» **Exercise goal**
Only one stretch of the records below is wanted: the lines from the one holding "Mørbradgryde med sennep, bacon & fløde" through the one holding "6709 Lincolnshire Court, Plympton". Return it exactly, both ends included.

» **Records provided**

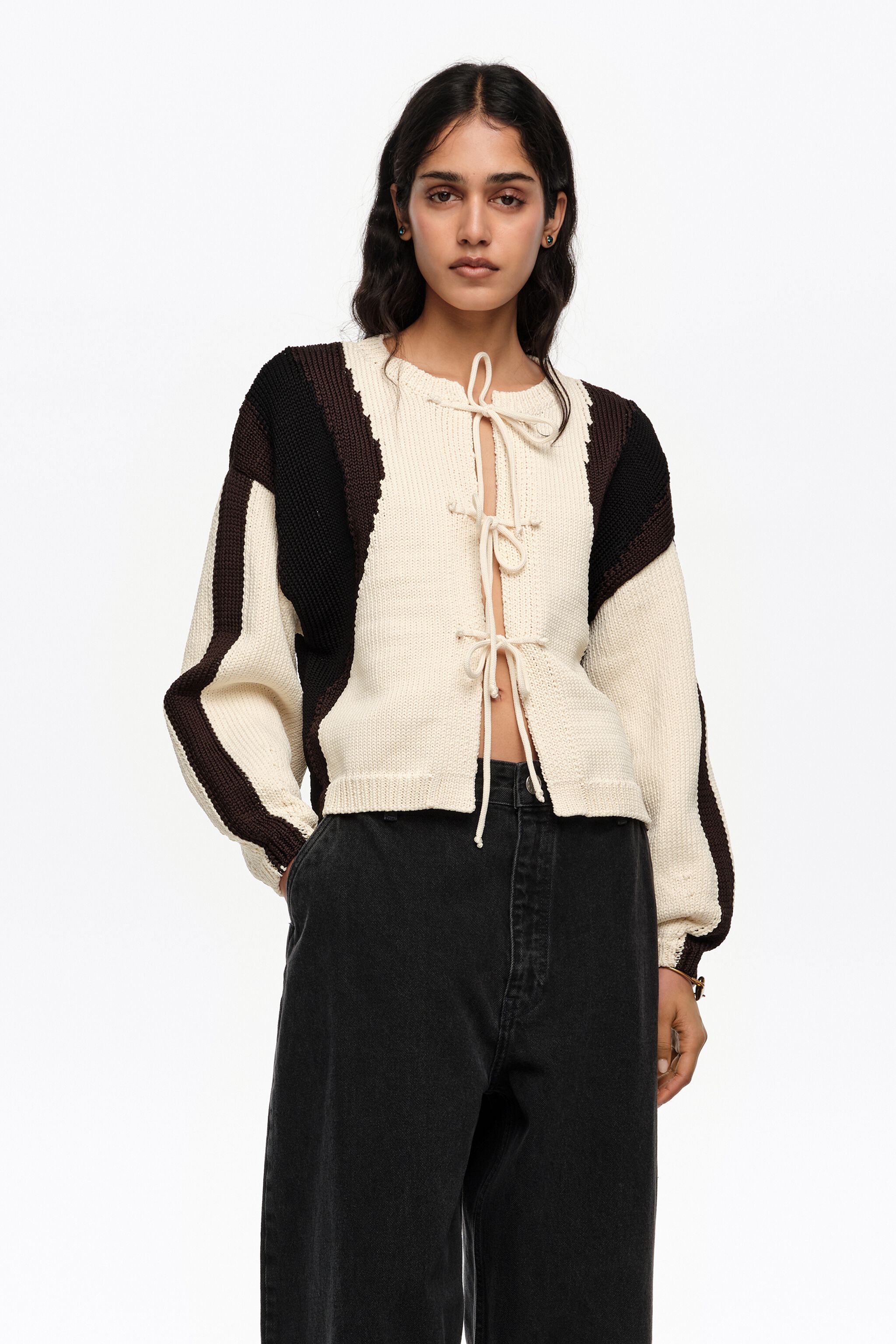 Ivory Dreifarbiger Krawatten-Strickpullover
* * *
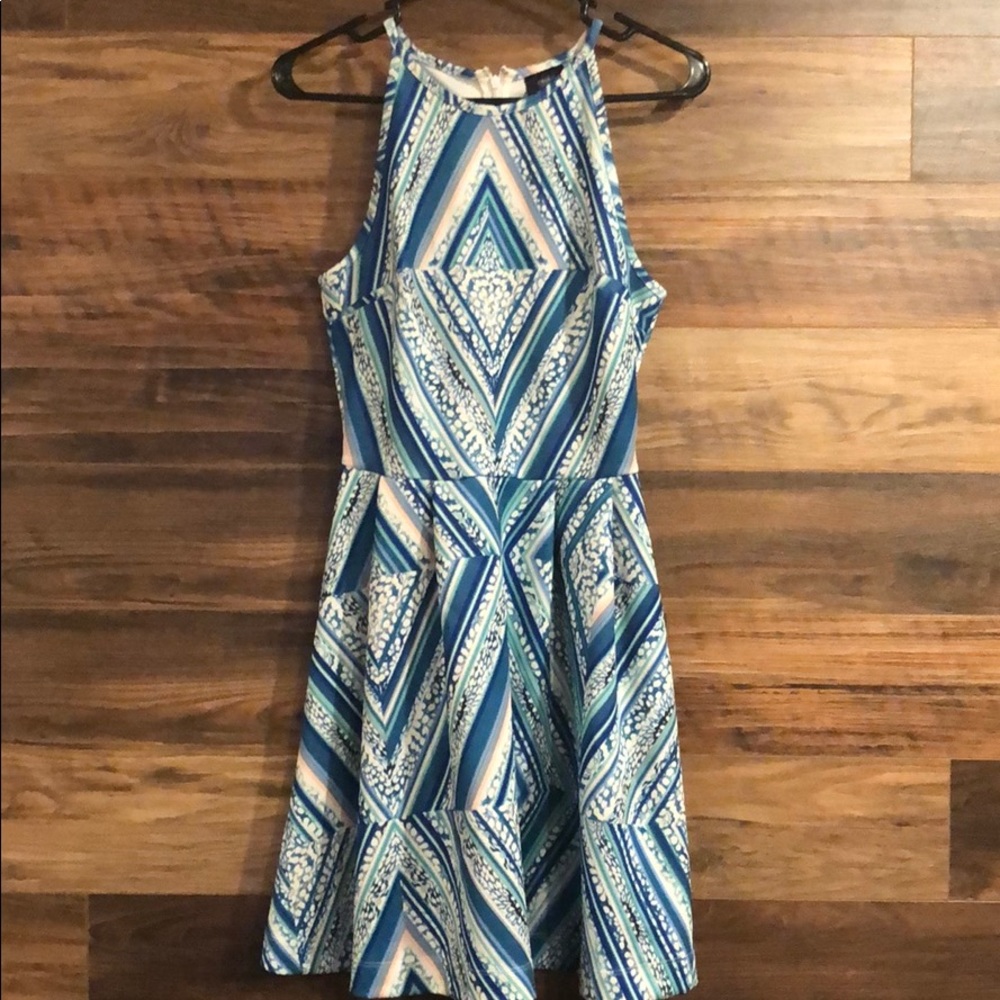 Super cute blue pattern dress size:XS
---
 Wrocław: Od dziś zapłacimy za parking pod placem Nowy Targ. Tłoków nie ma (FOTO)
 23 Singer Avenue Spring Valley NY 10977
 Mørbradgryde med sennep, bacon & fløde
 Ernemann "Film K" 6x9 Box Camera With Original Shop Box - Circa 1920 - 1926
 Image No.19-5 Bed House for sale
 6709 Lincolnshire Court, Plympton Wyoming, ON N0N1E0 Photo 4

» **Final answer**
 Mørbradgryde med sennep, bacon & fløde
 Ernemann "Film K" 6x9 Box Camera With Original Shop Box - Circa 1920 - 1926
 Image No.19-5 Bed House for sale
 6709 Lincolnshire Court, Plympton Wyoming, ON N0N1E0 Photo 4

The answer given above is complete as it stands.